• TASK TO CARRY OUT
From the line containing "Zrzuty ekranu transmisji moongirl" to the final line of the material below, copy each line exactly, including both endpoints, and leave out all other lines.

• MATERIAL TO PROCESS
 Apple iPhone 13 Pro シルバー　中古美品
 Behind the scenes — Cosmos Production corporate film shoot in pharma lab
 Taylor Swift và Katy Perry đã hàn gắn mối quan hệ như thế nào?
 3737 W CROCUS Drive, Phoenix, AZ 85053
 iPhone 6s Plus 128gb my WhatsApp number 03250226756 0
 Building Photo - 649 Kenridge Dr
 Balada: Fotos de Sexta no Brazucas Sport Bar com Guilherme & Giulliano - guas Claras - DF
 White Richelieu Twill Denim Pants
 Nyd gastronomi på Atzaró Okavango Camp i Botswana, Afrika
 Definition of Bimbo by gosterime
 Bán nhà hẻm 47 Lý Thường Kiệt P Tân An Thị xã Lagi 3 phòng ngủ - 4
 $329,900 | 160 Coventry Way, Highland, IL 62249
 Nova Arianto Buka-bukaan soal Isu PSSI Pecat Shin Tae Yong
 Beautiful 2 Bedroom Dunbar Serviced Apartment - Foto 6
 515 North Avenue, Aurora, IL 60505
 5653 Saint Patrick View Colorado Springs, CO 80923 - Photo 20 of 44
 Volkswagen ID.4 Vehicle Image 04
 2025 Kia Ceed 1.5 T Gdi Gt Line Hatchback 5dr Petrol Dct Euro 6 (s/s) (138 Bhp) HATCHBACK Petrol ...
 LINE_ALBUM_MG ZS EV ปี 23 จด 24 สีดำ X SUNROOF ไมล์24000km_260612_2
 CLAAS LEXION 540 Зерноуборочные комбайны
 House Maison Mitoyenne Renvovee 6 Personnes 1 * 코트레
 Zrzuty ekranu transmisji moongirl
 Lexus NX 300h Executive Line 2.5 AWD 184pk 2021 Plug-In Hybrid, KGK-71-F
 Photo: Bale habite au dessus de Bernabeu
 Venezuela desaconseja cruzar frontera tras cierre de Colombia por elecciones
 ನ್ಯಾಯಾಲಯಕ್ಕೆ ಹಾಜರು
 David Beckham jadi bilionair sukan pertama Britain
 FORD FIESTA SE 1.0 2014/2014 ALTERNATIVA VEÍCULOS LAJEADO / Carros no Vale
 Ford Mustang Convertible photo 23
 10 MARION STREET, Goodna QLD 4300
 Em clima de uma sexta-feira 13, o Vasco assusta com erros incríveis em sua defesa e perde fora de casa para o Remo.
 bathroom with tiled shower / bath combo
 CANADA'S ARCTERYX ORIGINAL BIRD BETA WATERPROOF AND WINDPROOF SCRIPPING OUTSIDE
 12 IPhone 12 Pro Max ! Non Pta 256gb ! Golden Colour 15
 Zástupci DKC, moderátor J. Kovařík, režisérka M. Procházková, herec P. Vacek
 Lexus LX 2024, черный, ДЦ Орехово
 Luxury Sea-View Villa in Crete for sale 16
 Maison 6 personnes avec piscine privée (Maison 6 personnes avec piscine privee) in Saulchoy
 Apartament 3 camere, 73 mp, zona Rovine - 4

• ANSWER AREA
 Zrzuty ekranu transmisji moongirl
 Lexus NX 300h Executive Line 2.5 AWD 184pk 2021 Plug-In Hybrid, KGK-71-F
 Photo: Bale habite au dessus de Bernabeu
 Venezuela desaconseja cruzar frontera tras cierre de Colombia por elecciones
 ನ್ಯಾಯಾಲಯಕ್ಕೆ ಹಾಜರು
 David Beckham jadi bilionair sukan pertama Britain
 FORD FIESTA SE 1.0 2014/2014 ALTERNATIVA VEÍCULOS LAJEADO / Carros no Vale
 Ford Mustang Convertible photo 23
 10 MARION STREET, Goodna QLD 4300
 Em clima de uma sexta-feira 13, o Vasco assusta com erros incríveis em sua defesa e perde fora de casa para o Remo.
 bathroom with tiled shower / bath combo
 CANADA'S ARCTERYX ORIGINAL BIRD BETA WATERPROOF AND WINDPROOF SCRIPPING OUTSIDE
 12 IPhone 12 Pro Max ! Non Pta 256gb ! Golden Colour 15
 Zástupci DKC, moderátor J. Kovařík, režisérka M. Procházková, herec P. Vacek
 Lexus LX 2024, черный, ДЦ Орехово
 Luxury Sea-View Villa in Crete for sale 16
 Maison 6 personnes avec piscine privée (Maison 6 personnes avec piscine privee) in Saulchoy
 Apartament 3 camere, 73 mp, zona Rovine - 4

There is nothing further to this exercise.